* **Supplied material**:
#####

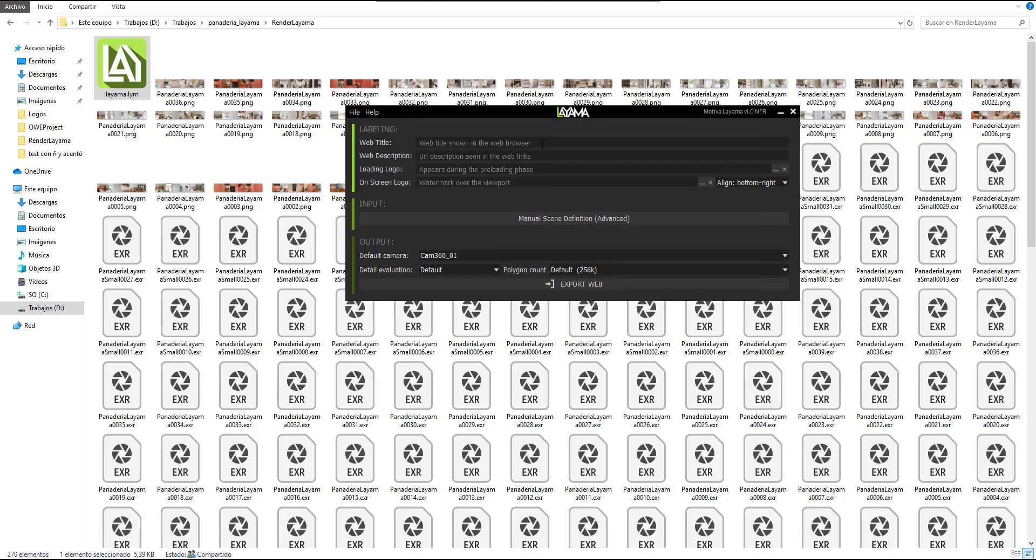The first field is the web title, the one using the header of any browser like Google Chrome, Firefox, Safari, and so on.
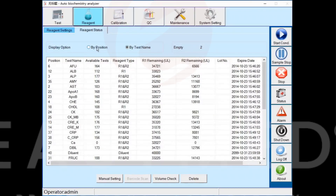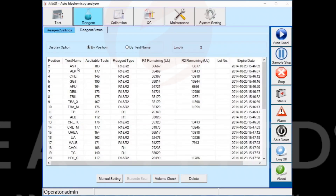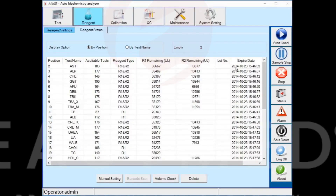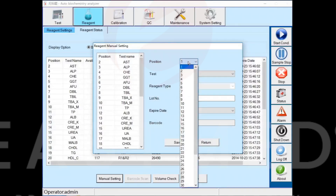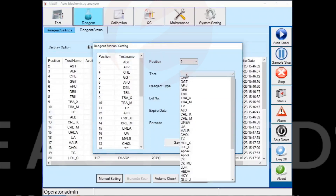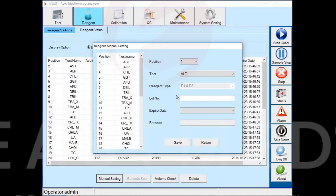You can view the corresponding reagent type, and the software can count the remaining tests amount and expiration date. Clicking the manual setting button, you can add a new reagent position. Select an unoccupied position, select the desired test item, select the validity date of the reagent, and click the save button to save.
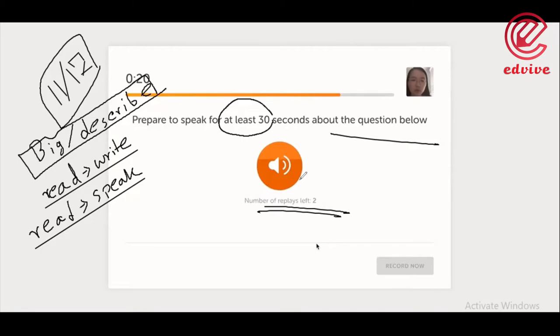Then click on record and click on auto record. How do you speak? You can listen to this question. If you listen to the question, write the question. Then you will reply to this question. If you are using a question, you will reply three times.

#####

* **Instructions for the task**: Please quote the lines of the material, beginning with the first and ending with the one that contains "You can view", exactly as written and without any pictures.

* **Task result**:
The first field is the web title, the one using the header of any browser like Google Chrome, Firefox, Safari, and so on.
You can view the corresponding reagent type, and the software can count the remaining tests amount and expiration date. Clicking the manual setting button, you can add a new reagent position. Select an unoccupied position, select the desired test item, select the validity date of the reagent, and click the save button to save.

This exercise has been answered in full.